• WORK ORDER:
Your copy of the data should match it exactly, leaving out only the pictures.

• DATA SHOWN:
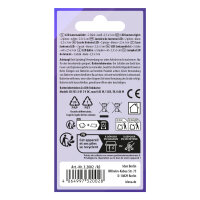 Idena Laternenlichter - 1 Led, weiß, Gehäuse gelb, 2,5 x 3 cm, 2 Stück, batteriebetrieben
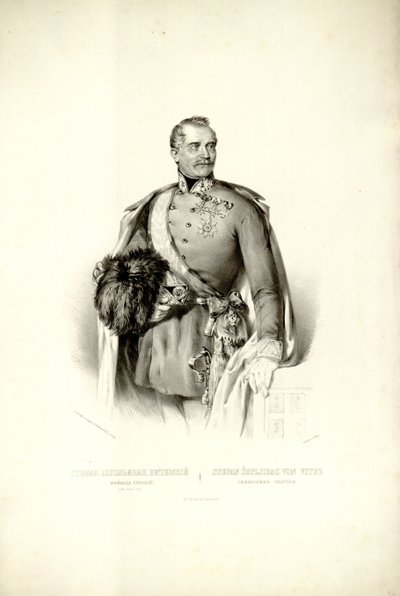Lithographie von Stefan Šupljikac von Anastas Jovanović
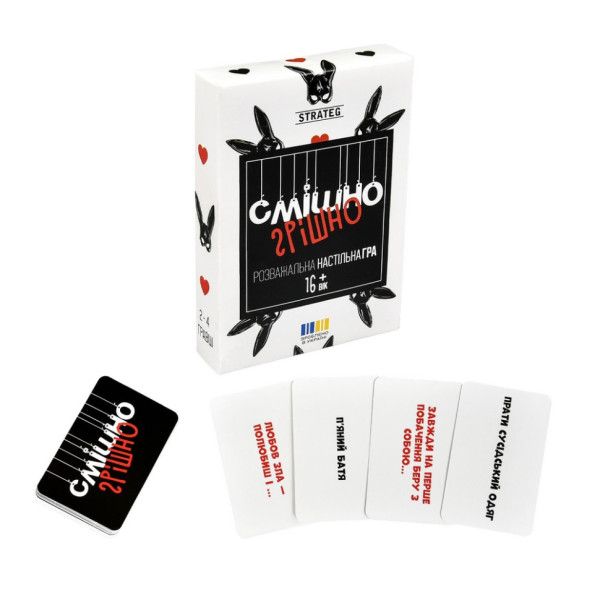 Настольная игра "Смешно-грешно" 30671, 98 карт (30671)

• EXPECTED ANSWER:
 Idena Laternenlichter - 1 Led, weiß, Gehäuse gelb, 2,5 x 3 cm, 2 Stück, batteriebetrieben
Lithographie von Stefan Šupljikac von Anastas Jovanović
 Настольная игра "Смешно-грешно" 30671, 98 карт (30671)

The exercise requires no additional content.